Mit Einführung des Gesundheitsfonds im Jahr 2009 wurde ein bundesweit einheitlicher Beitragssatz festgelegt. Die Beiträge fließen zusammen mit Steuermitteln in den Fonds und werden von dort nach einem Schlüssel an die einzelnen Kassen verteilt. Diese wiederum müssen mit dem Geld auskommen oder Zusatzbeiträge einfordern. Die schwarz-gelbe Koalition fror den allgemeinen Beitragssatz im Jahr 2010 ein.

Der Gesundheitsfonds wies zum Halbjahr ungewöhnlich hohe Rücklagen von mehr als elf Milliarden Euro aus. Bei den Kassen selbst schlummerten Reserven von 16,6 Milliarden Euro. Bei den Politikern weckt dies Begehrlichkeiten. So hatte Bundesfinanzminister Wolfgang Schäuble (CDU) den Bundeszuschuss bereits um 3,5 Milliarden Euro auf 10,5 Milliarden Euro gekürzt. Die Kassen fürchten, dass eine künftige Regierung mit Blick auf die hohen Reserven noch einmal Geld aus dem Fonds abzapfen könnte – zumal CDU und SPD im Vorfeld der Sondierungsgespräche von Steuererhöhungen abgerückt sind.
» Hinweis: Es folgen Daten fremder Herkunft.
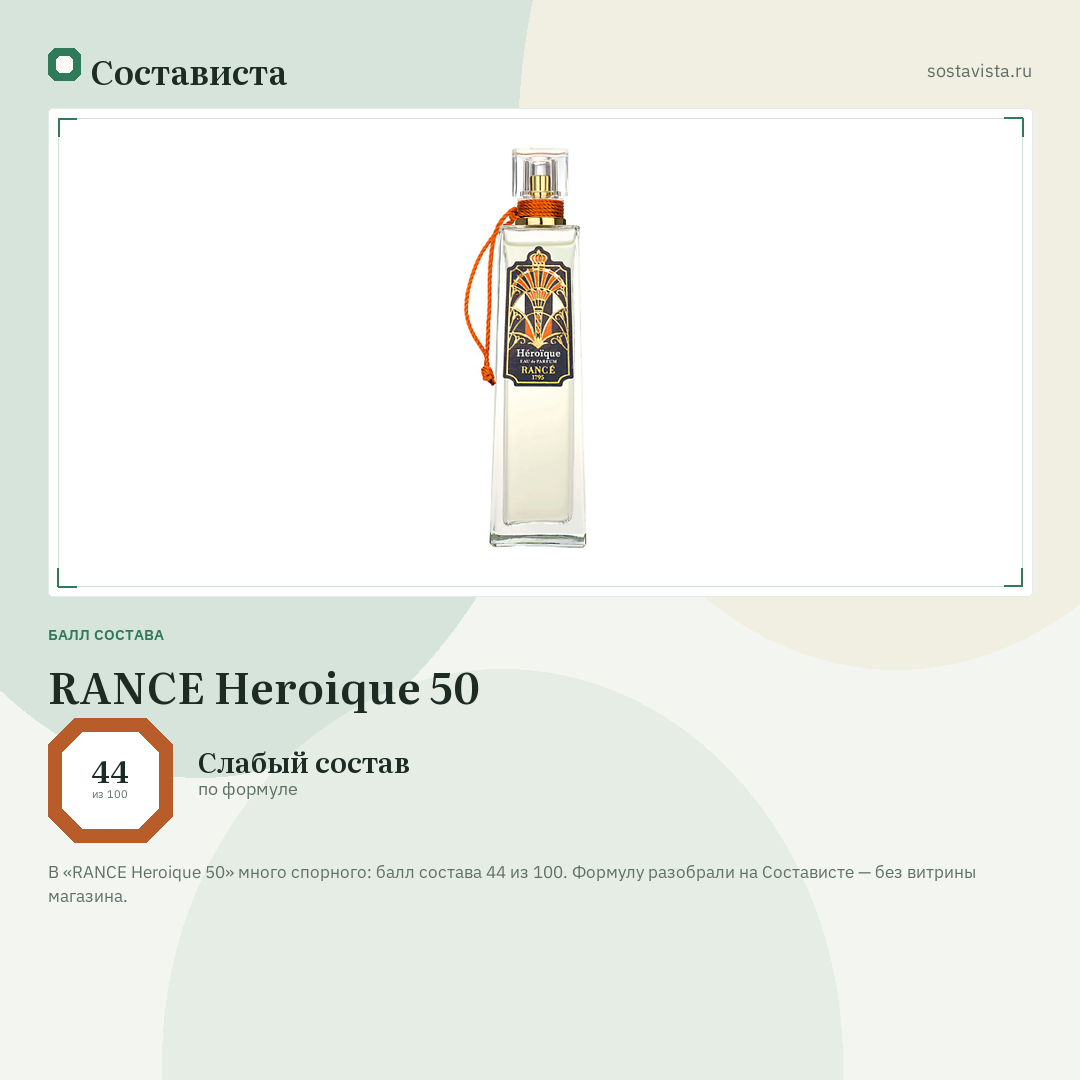 RANCE Heroique 50: балл состава 44 из 100 — Состависта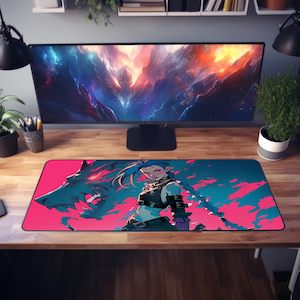 Desk Mat, Arcane Jinx and Warwick Design - Gaming Mouse Pad, League of Legends Desk Accessories, Office Desk Decor, Keyboard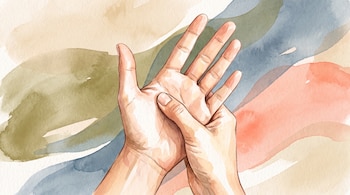 Ilustración en acuarela de dos manos. Una mano presiona con el pulgar la base del pulgar de la otra mano. Fondo con formas abstractas de colores.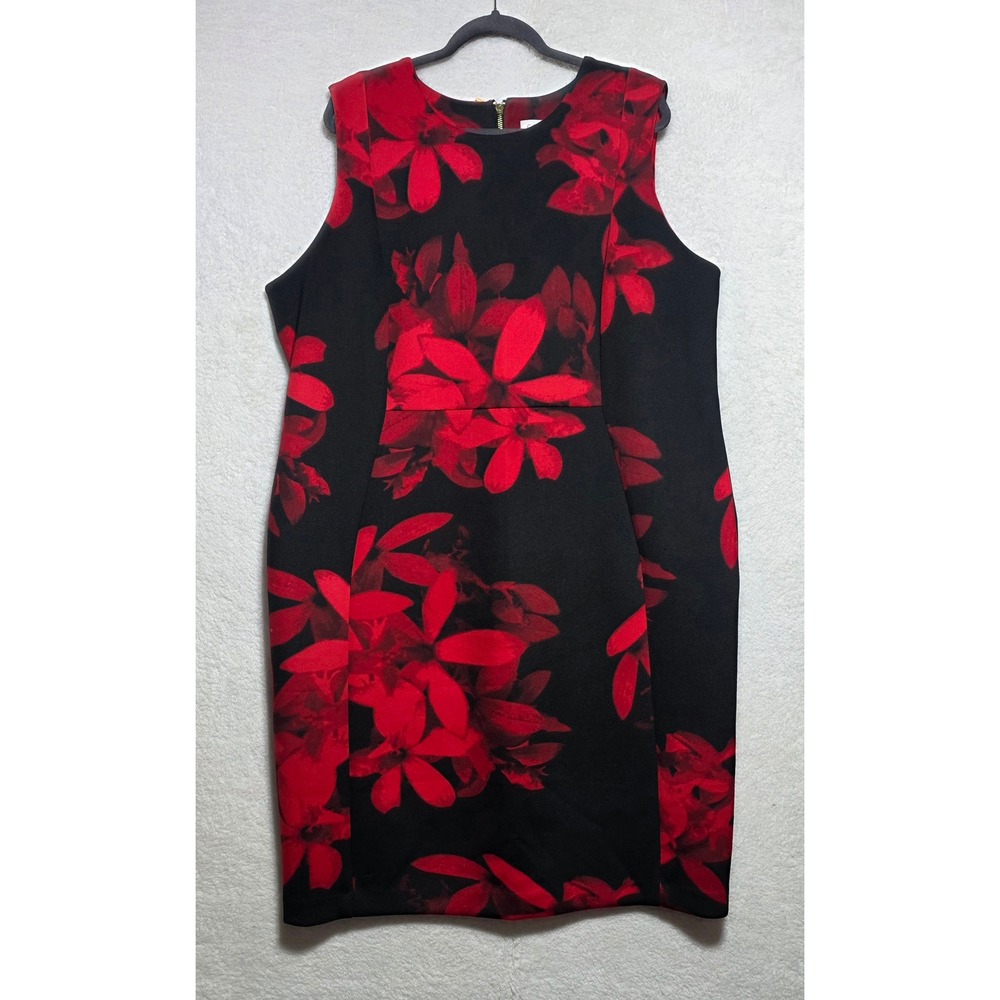 Calvin Klein Women's 22W Red Black Floral Sleeveless Sheath Dress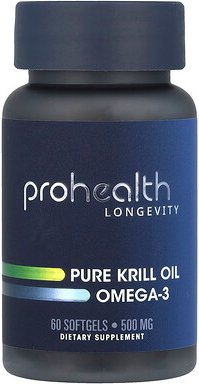 ProHealth Longevity, Pure Krill Oil Omega-3, reines Krillöl Omega-3, 60 Weichkapseln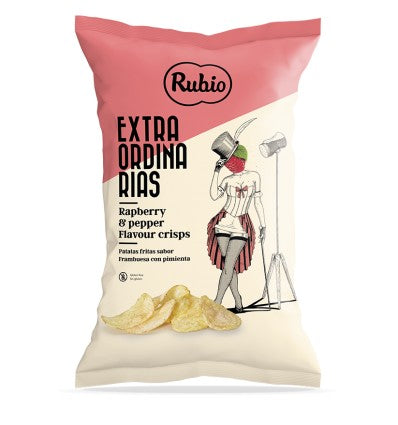 Raspberry and pepper flavour crisps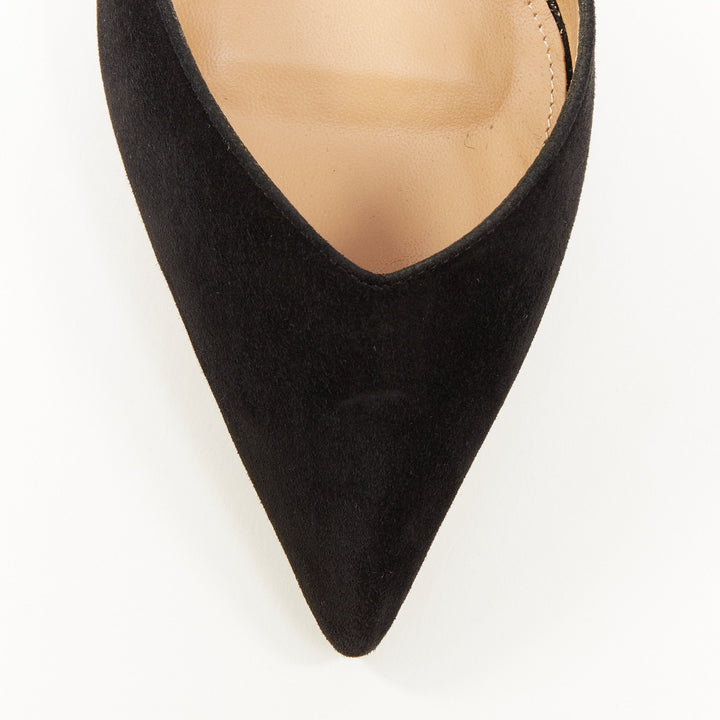 AQUAZZURA Uptown 105 black suede leather point toe dorsay pumps EU38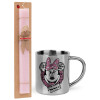 Easter Set, metallic thermal cup (300ml) & aromatic flat Easter candle (30cm) (PINK)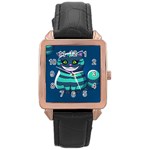 blue Cheshire Cat Rose Gold Leather Watch 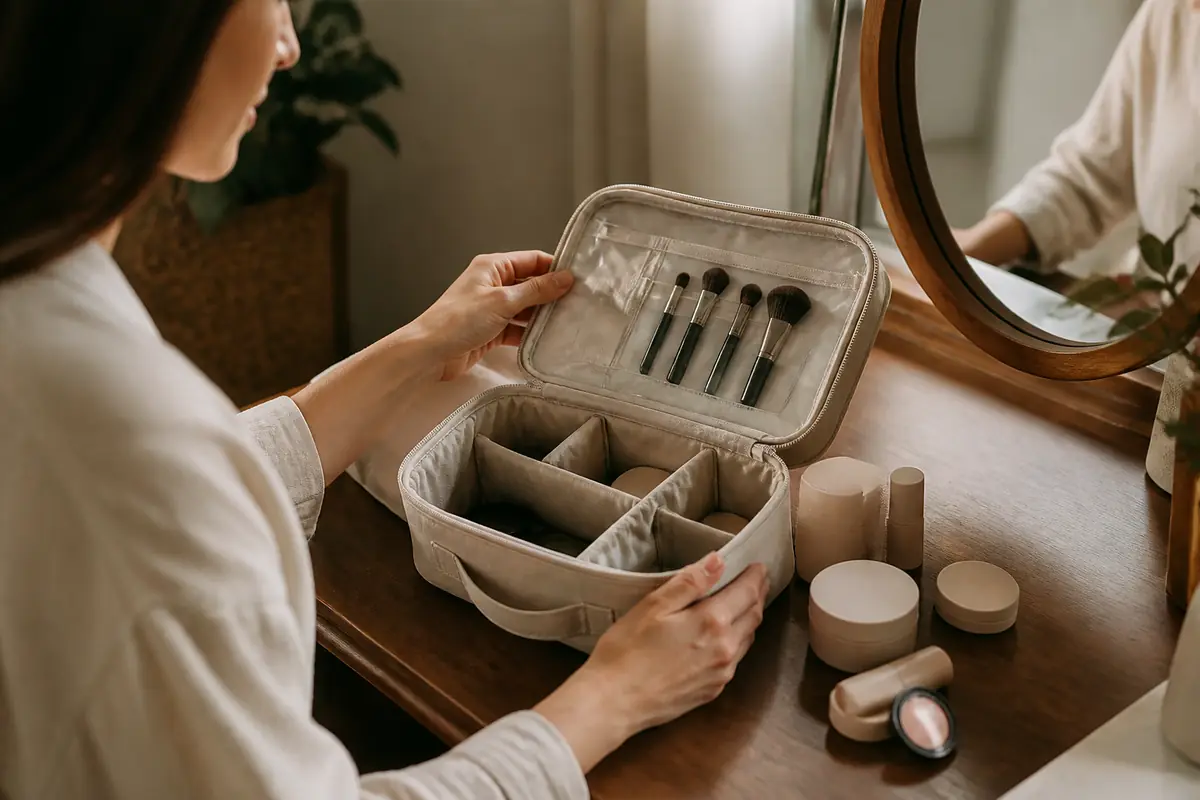 An adult inspecting a plain makeup bag with separate brush storage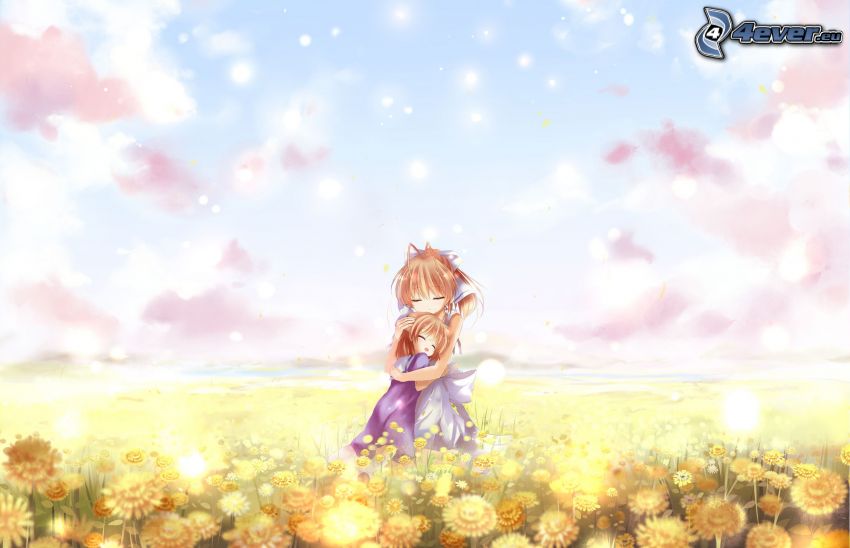girls on the meadow, yellow flowers, clouds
Die finanziellen Risiken der Kassen im nächsten Jahr dürften bei den Beratungen des sogenannten Schätzerkreises deshalb nicht künstlich kleingerechnet werden, hatte der Vizechef des Spitzenverbands der gesetzlichen Krankenversicherung (GKV), Johann-Magnus von Stackelberg, gewarnt. Der Schätzerkreis aus Bundesversicherungsamt, Gesundheitsministerium und Kassen prognostiziert die Einnahmen und Ausgaben im Gesundheitswesen, nach denen sich auch die Zuweisungen an die Kassen richten. Die Kassen verweisen auf steigende Ausgaben in den nächsten Jahren. Schon 2014 sehen sie höhere Ausgaben auf sich zukommen, da der milliardenschwere Zwangsrabatt bei Arzneien entfällt.